Breast Cancer-omitting radiation

1–2 minutes

Low risk early stage cancer

The benefit of radiation is mostly local control in the treated breast. In a woman over the age of 65, the chance of an early stage estrogen-responsive cancer <3cm in size (that has not gone to the lymph nodes) recurring in the same breast is about 0.5-1% per year after lumpectomy if she remains on a hormone blocker for 5 years. If a woman lives longer than 10-15 years after her treatment, then we could see a 5-15% chance of the cancer recurring in that breast. Radiation over 5 or 15 days could reduce that 10-15 year risk to <2%.

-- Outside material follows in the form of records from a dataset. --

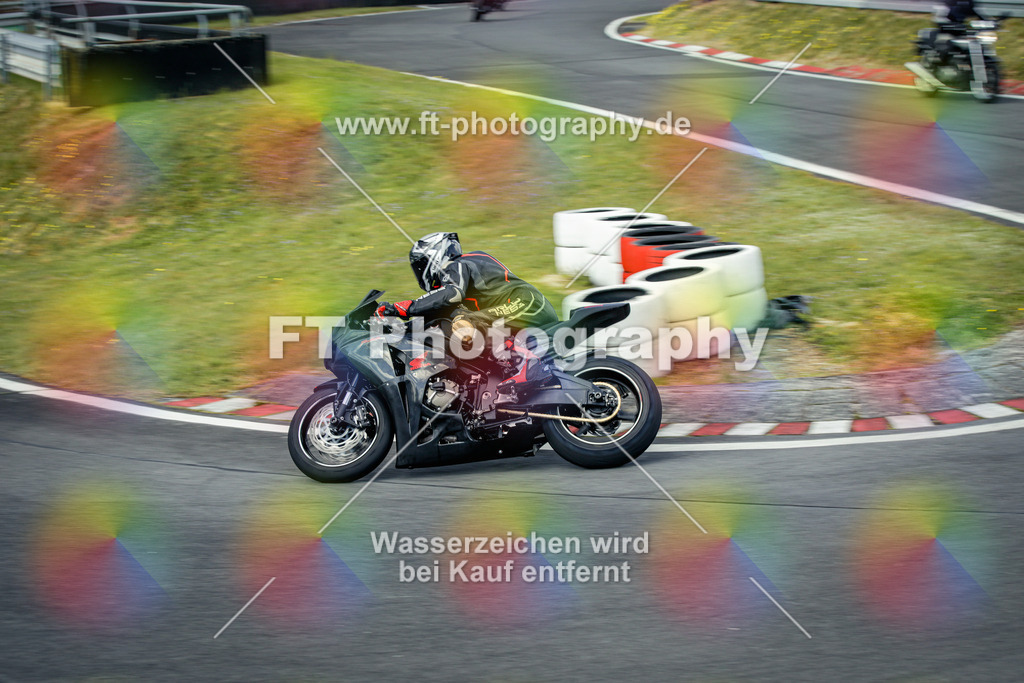 OBK_Mai_Justin_Uwe-10674 | Hier findet Ihr Bilder von Touristenfahrten auf der Nürburgring Nordschleife oder von anderen Veranstaltungen die ich besucht habe. Viel Spass beim Durch Schauen 
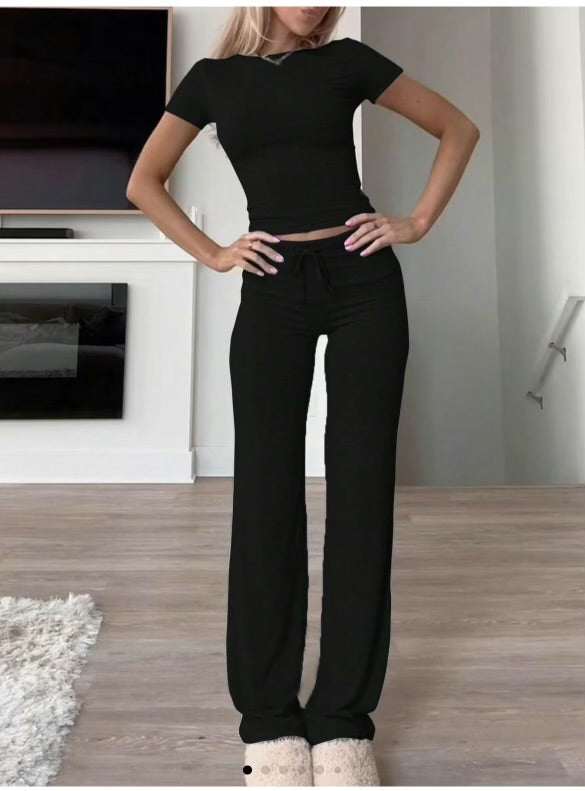 Ensemble 2 pièces confortable pour femme : haut court à manches courtes et pantalon droit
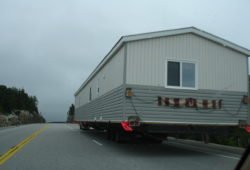 家を丸ごと運ぶオーバーサイズのトラック 風力発電の羽根や支柱も道路幅を超えて運びます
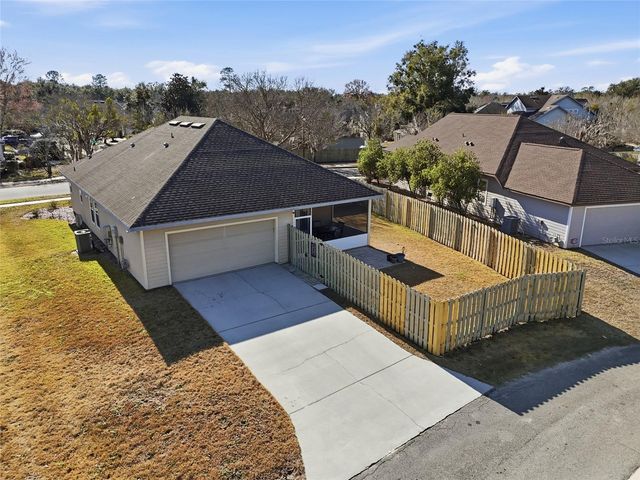 8458 SW 78TH ROAD, Gainesville, FL 32608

Thus, when making a decision whether to forego radiation after lumpectomy, my personal bias is to “buy the extra insurance” so that the cancer won’t come back in the patient’s lifetime if she is younger or relatively healthy. Often, these women are good candidates for partial breast radiation over one week with minimal expected side effects.

Distant recurrence

Unfortunately, even in the lowest risk breast cancers, the chance that it shows up in other parts of the body are not insignificant. For cancers that respond to a hormone blocker, taking these daily pills to reduce estrogen in the body can reduce the relative risk of dying from breast cancer by 1/3, or about a 10% absolute risk reduction.

Even after taking the hormone blockers for 5 years, the risk of distant spread and death never goes away. This follow up meta-analysis has several useful charts.

In addition to chemotherapy, pre-menopausal women may benefit from more intense hormone blockade. There are new systemic treatments such as PARP inhibitors, HER2-specific therapies, immunotherapy for triple negative disease, and targeted therapies that are improving these distant spread numbers, but I’m wandering out of my area of expertise and rely on my medical oncologist colleagues for further discussions of these rapidly advancing trials.